◆ Exercise instructions ◆
Would you repeat the data below exactly, taking out the images?

◆ Data extract ◆
────

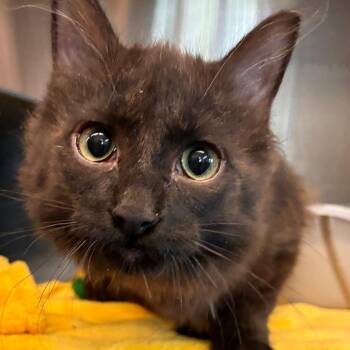 Junie -  Domestic Long Hair Cat for Adoption in Manhattan, Kansas - Junie | PetCurious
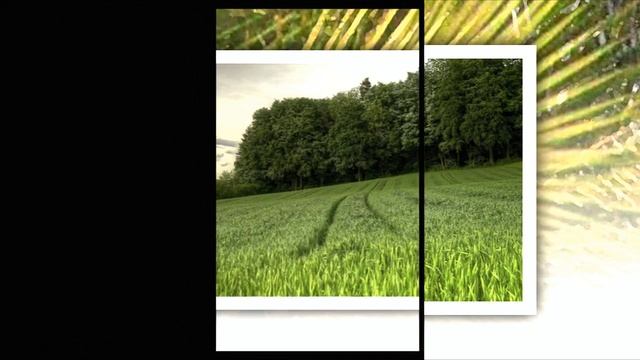 2Illusions - Сказка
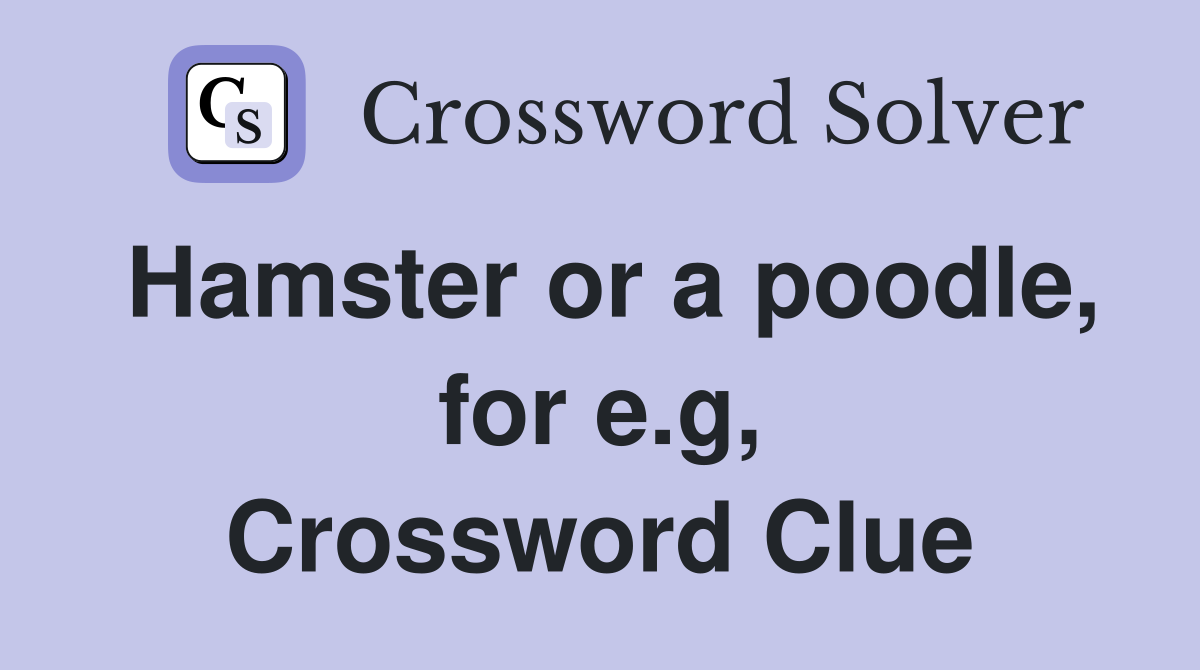 Hamster or a poodle, for e.g, Crossword Clue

────

◆ Solution for this task ◆
 Junie -  Domestic Long Hair Cat for Adoption in Manhattan, Kansas - Junie | PetCurious
 2Illusions - Сказка
 Hamster or a poodle, for e.g, Crossword Clue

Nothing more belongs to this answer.